Talk about a blame game. Lowry message: If only there were a man in the house, women would stop having all those fatherless babies, and all would be well with the underclass. The culprits are clear: poor single mothers.

While that assertion is deeply disturbing in itself–especially as we haven’t even buried the dead from this disaster–it is doubly so because of the warm reception it has received even from some devoted liberals.

On Sept. 7, New York Times reporter Jason DeParle, an eloquent student of urban poverty, was a guest on WNYC’s Brian Lehrer show.

DeParle bemoaned the stalled national conversation about poverty and shared his hope that Katrina’s aftermath would “dynamite” the conversation back into the spotlight again.

Lehrer observed that “there is at least one indication of that in the conservative press from Rich Lowry,” referring to his article calling on the Left to deal with out-of-wedlock births.

DeParle cheered Lowry on, attesting to a new willingness on the Left to deal with “family structure” and a readiness in the country to embark on Lowry’s “grand bargain.”

New York Times columnist Nicholas D. Kristof went even further in his Sept. 6 column, declaring Lowry’s proposed left-right bargain “an excellent suggestion.”

Reality check.
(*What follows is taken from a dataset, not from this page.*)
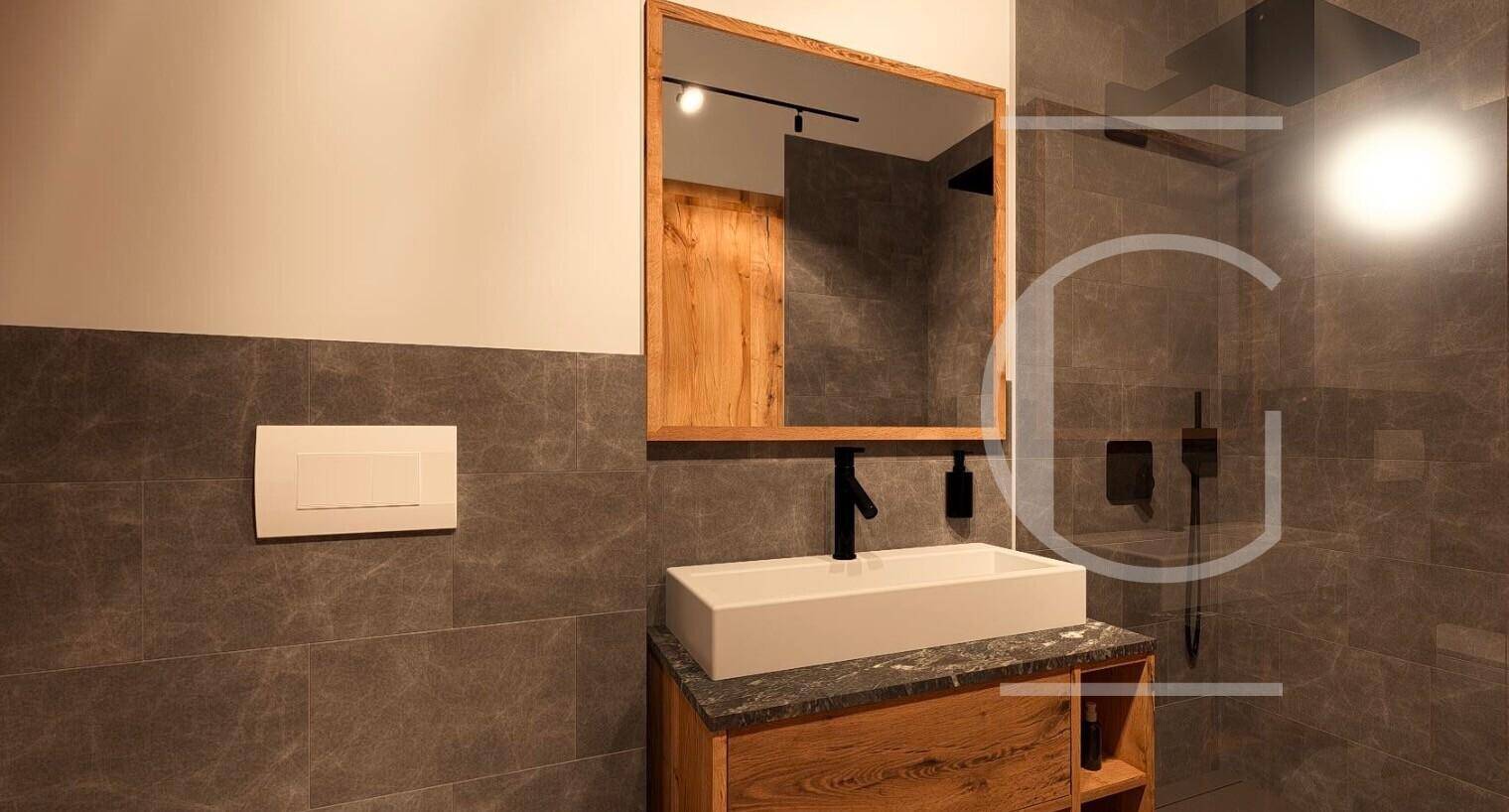 Modernes Badezimmer mit grauen Fliesen, stilvollem Waschtisch und geräumiger begehbarer Dusche.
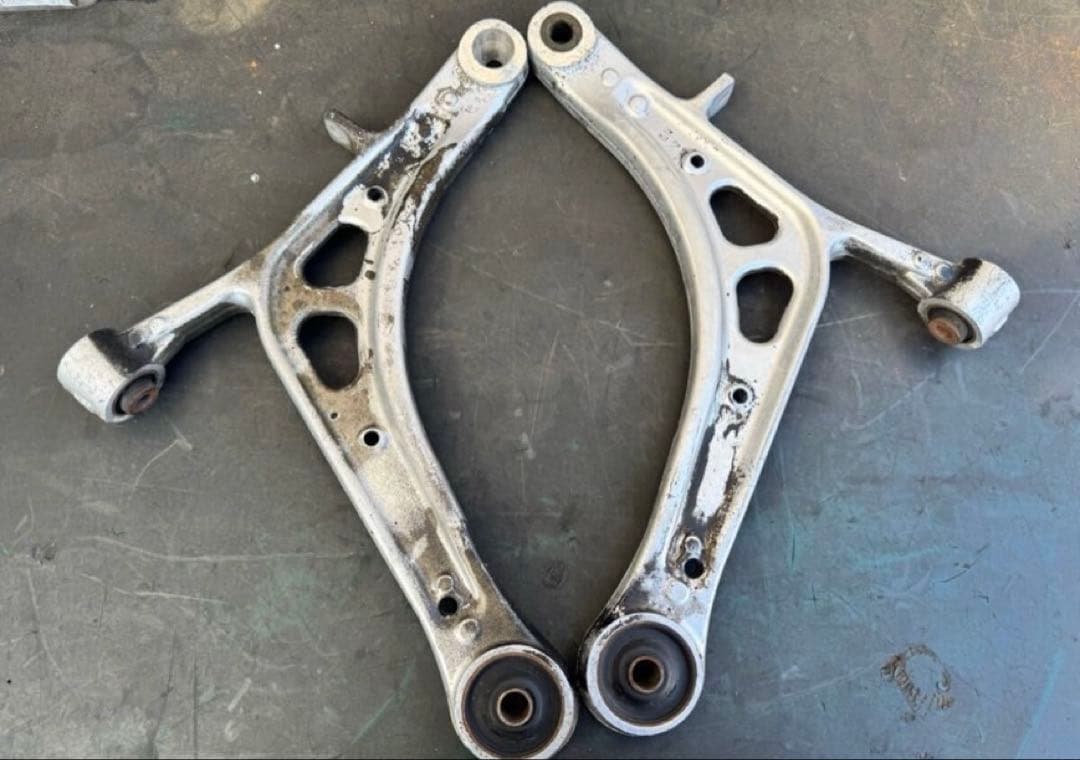 スバルレガシィ　BP5 BL5 アルミ　フロントロアアーム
As I wrote in my New York Times letter to the editor regarding Kristof’s article, the Left, particularly feminists, have been struggling for decades to ensure that women–including poor women–have everything they need to manage their sexuality without judgment. That includes family planning services, birth control, over-the-counter emergency contraception, early pregnancy termination and accurate sex education, as well as the schooling and job training that will enable them to find hope, value and respect in other ways besides childbearing.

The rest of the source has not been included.